Our proposed anomaly detection system is based on Long Short-Term Memory (LSTM) and Autoencoders (AE) and employs Mean Standard Deviation (MSD) and Median Absolute Deviation (MAD) approaches for detecting anomalies. FL preserves the privacy of the electrical data by enabling the energy providers to cooperatively train the shared AI model without disclosing the data to the server. Homomorphic encryption protects sensitive data while enabling numerous parties to contribute their data for model training by allowing calculations on encrypted data without the need for decryption. By maintaining secrecy, this cryptographic method improves the security of federated learning and fosters cooperative data analysis.
Currently, I am involved in an AI based quality assessment management project where we use advanced computer vision and zero shot learning to detect any defects on the industrial products as anomalies. We are working on generalized detection algorithm where the system can detect any class of defects on any type of industrial products, that means we donot have to train the model for each new defect type. I am also working on unmanned aerial vehicles utilizing federated learning techniques to preserve the privacy of the data collected by the UAV sensors and then integrate human in the loop (HITL) for providing decision knowledge when the autonomous UAV system can not give decisions on dynamic or unseen aerial environments.

Proving Safety at Sea

Simulation-Based Compliance Testing for Autonomous Ships

Sreekant Sreedhara¹, Erik Røsæg², Børge Rokseth^1
1Department of Engineering Cybernetics, NTNU. ²Faculty of Law, University of Oslo.

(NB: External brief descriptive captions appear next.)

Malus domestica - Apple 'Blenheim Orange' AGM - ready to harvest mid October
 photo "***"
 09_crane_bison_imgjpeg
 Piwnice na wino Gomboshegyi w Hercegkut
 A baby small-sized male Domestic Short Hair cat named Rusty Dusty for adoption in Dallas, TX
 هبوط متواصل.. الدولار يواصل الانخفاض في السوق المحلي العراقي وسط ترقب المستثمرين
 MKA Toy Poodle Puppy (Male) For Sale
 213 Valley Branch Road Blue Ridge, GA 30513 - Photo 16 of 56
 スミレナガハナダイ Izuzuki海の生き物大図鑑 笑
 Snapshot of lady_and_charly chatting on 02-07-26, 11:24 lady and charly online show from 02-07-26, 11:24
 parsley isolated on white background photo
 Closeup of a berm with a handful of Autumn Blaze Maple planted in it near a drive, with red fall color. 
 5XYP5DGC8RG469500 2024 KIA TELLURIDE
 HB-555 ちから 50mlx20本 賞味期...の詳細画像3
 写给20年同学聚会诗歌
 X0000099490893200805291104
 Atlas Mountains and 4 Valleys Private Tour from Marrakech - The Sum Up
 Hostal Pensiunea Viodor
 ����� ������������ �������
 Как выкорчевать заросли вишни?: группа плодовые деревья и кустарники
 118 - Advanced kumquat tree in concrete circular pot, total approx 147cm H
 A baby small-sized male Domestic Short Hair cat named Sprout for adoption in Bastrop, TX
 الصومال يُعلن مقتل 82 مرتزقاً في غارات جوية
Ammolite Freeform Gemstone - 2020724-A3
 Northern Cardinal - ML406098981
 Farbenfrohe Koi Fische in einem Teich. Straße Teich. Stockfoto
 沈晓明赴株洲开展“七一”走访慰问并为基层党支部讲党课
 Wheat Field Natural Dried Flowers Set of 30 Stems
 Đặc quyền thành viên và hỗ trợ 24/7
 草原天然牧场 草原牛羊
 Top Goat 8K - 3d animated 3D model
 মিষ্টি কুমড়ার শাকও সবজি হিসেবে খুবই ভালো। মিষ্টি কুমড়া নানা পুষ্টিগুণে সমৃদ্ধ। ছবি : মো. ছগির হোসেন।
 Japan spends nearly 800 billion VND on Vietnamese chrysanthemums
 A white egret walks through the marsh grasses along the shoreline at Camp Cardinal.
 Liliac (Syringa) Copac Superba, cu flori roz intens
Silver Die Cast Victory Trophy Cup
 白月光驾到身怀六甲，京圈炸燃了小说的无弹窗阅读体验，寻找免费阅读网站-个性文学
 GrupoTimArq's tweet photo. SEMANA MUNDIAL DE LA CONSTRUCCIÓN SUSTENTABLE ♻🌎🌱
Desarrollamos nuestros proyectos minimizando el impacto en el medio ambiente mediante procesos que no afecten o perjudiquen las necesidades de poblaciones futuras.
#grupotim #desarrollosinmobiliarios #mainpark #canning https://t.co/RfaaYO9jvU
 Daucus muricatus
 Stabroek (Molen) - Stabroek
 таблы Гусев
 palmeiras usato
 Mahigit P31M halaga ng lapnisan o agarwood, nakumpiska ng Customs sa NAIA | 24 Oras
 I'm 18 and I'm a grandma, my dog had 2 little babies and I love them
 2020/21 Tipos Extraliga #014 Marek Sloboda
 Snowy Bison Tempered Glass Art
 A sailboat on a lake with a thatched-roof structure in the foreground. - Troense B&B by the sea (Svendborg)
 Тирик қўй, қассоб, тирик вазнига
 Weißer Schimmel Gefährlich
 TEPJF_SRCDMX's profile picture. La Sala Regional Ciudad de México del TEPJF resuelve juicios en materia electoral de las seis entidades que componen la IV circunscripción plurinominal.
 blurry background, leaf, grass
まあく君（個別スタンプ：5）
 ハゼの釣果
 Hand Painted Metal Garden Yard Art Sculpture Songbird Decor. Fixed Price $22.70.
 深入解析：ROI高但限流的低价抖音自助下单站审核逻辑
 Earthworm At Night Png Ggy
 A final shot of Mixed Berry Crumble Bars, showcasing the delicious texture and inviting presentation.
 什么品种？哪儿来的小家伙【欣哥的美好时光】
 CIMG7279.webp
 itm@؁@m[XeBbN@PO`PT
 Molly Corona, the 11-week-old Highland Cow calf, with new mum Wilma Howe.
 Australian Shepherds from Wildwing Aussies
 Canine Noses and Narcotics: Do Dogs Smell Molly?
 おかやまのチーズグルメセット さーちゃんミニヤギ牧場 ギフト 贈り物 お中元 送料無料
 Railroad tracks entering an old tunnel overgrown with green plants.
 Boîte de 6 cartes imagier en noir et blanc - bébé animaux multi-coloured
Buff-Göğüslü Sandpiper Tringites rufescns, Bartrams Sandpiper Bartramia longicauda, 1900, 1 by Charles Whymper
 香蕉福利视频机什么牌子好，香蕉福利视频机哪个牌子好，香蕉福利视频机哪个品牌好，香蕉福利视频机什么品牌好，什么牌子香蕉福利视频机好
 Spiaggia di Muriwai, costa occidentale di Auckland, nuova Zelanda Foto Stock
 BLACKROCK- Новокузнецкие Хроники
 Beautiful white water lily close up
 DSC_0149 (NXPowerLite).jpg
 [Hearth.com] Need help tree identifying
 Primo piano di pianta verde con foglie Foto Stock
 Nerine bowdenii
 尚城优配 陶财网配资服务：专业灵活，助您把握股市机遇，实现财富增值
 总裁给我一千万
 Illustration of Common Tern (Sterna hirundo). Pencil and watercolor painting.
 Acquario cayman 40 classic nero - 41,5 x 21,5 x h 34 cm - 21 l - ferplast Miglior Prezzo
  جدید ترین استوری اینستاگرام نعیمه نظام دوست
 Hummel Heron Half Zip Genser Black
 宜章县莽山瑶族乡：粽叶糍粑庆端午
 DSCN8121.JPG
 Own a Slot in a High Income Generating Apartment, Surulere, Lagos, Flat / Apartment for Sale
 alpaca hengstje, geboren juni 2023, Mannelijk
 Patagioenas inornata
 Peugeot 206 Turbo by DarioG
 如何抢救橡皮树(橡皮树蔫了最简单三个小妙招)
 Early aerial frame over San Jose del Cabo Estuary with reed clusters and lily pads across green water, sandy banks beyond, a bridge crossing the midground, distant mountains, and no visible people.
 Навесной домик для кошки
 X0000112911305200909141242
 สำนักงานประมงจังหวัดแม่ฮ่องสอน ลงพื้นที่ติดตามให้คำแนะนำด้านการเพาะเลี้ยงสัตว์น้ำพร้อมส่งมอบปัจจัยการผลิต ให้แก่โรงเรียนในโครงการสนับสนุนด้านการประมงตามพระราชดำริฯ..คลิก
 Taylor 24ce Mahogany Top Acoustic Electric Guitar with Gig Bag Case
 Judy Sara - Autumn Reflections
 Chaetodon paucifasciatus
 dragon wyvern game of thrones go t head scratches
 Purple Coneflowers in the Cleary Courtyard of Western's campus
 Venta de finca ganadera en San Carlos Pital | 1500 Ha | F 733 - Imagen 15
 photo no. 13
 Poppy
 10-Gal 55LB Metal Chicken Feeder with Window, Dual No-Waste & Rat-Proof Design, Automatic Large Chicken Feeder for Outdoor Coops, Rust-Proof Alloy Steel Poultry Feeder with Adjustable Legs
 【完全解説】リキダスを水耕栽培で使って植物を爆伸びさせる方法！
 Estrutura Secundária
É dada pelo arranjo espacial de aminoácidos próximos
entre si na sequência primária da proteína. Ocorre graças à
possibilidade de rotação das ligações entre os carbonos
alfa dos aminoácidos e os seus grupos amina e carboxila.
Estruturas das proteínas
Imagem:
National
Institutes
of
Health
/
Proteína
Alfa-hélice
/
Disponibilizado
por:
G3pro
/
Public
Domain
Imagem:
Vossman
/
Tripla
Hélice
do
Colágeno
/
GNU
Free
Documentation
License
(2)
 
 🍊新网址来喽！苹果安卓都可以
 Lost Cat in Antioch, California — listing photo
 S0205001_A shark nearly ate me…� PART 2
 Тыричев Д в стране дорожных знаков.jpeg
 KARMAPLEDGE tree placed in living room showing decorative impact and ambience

Autonomous vessels represent a significant advancement in maritime transportation, offering benefits such as reduced operational costs, improved safety, and lower environmental impact. However, ensuring their safe navigation and compliance with maritime regulations, particularly the International Regulations for Preventing Collisions at Sea (COLREGs), remains a major challenge. This research presents a novel safety assurance framework that employs a digital twin-based simulation environment for rigorous testing and validation of autonomous navigation systems. The proposed system integrates sensor and actuator models within a virtual testbed, enabling the dynamic generation and assessment of complex navigational scenarios. By leveraging automated test management, the framework identifies potential safety deficiencies, ensuring compliance with regulatory requirements.
Our approach combines large-scale probabilistic simulations with a structured rule-based evaluation mechanism to bridge the gap between AI-driven vessel behavior and human-explainable regulatory adherence. The framework introduces Legata, a specialized domain-specific language designed to codify maritime regulations in a machine-readable format. Additionally, the simulation platform, built on the Co-Simulation Operating System (COS), enables scalable and realistic scenario generation, ensuring comprehensive validation of collision avoidance and decision-making. The framework employs a containerized high-performance computing infrastructure to execute thousands of simulations in parallel, covering a vast array of navigational situations, environmental variables, and human interactions. By systematically evaluating vessel behavior in a controlled environment, the methodology provides a robust and scalable alternative to traditional verification approaches, which often rely on costly physical trials or incomplete test cases.